Do you really want to think about starting a build of you project? What if you had a personal slave that would restart a build of your project whenever you save any file belonging to that project? The bg-build mode does just that. Just save the file, a compile is started (silently!), you can continue working without even thinking about starting a build, and if there are errors, you are notified (with a message), and can then jump to errors.
This mode is not specific to MLton per se, but is particularly useful for working with MLton due to the longer compile times. By the time you start wondering about possible errors, the build is already on the way.
Functionality and Features
Each time a file is saved, and after a user configurable delay period has been exhausted, a build is started silently in the background.
When the build is finished, a status indicator (message) is displayed non-intrusively.

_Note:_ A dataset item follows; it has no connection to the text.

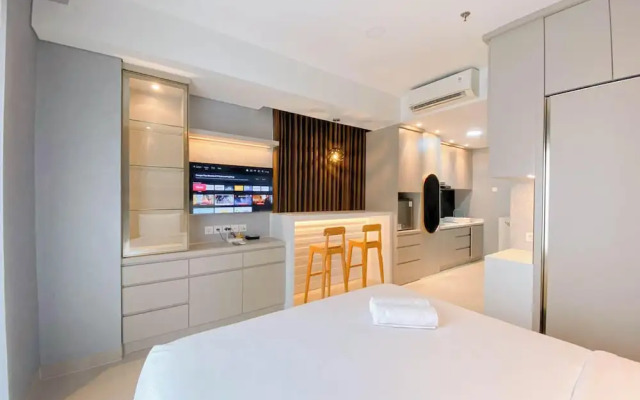 Comfort Living Studio At Patraland Amarta Apartment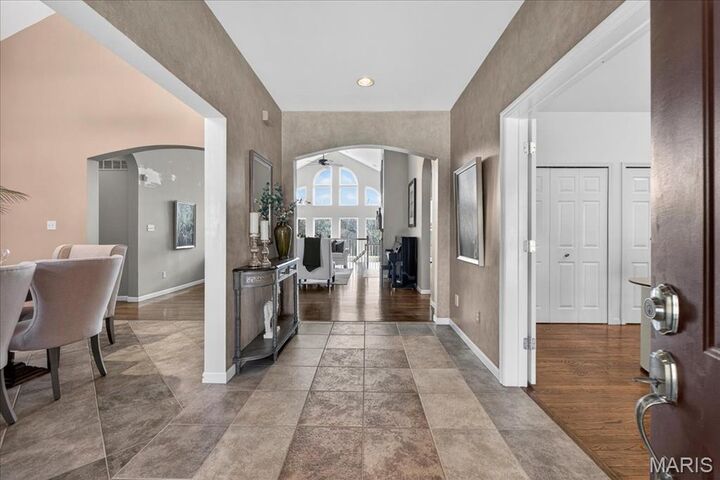 Property Photo:  11040 Sandistan Drive  MO 63146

At any time, you can switch to a build process buffer where all the messages from the build are shown.
Optionally highlights (error/warning) message locations in (source code) buffers after a finished build.
After a build has finished, you can jump to locations of warnings and errors from the build process buffer or by using the first-error and next-error commands.
When a build fails, bg-build mode can optionally execute a user specified command. By default, bg-build mode executes first-error.
When starting a build of a particular project, a possible previous live build of the same project is interrupted first.
A project configuration file specifies the commands required to build a project.
Multiple projects can be loaded into bg-build mode and bg-build mode can build a given maximum number of projects concurrently.
There is no package for the mode at the moment. To install the mode you need to fetch the Emacs Lisp, *.el, files from the MLton repository: emacs.
The easiest way to load the mode is to first tell Emacs where to find the files. For example, add
(add-to-list 'load-path (file-truename "path-to-the-el-files"))
to your ~/.emacs or ~/.xemacs/init.el. You’ll probably also want to start the mode automatically by adding
(require 'bg-build-mode) (bg-build-mode)
to your Emacs init file. Once the mode is activated, you should see the BGB indicator on the mode line.
MLton and Compilation-Mode
At the time of writing, neither Gnu Emacs nor XEmacs contain an error regexp that would match MLton’s messages.
If you use Gnu Emacs, insert the following code into your .emacs file:
(require 'compile) (add-to-list 'compilation-error-regexp-alist '("^\\(Warning\\|Error\\): \\(.+\\) \\([0-9]+\\)\\.\\([0-9]+\\)\\.$" 2 3 4))
If you use XEmacs, insert the following code into your init.el file:
(require 'compile) (add-to-list 'compilation-error-regexp-alist-alist '(mlton ("^\\(Warning\\|Error\\): \\(.+\\) \\([0-9]+\\)\\.\\([0-9]+\\)\\.$" 2 3 4))) (compilation-build-compilation-error-regexp-alist)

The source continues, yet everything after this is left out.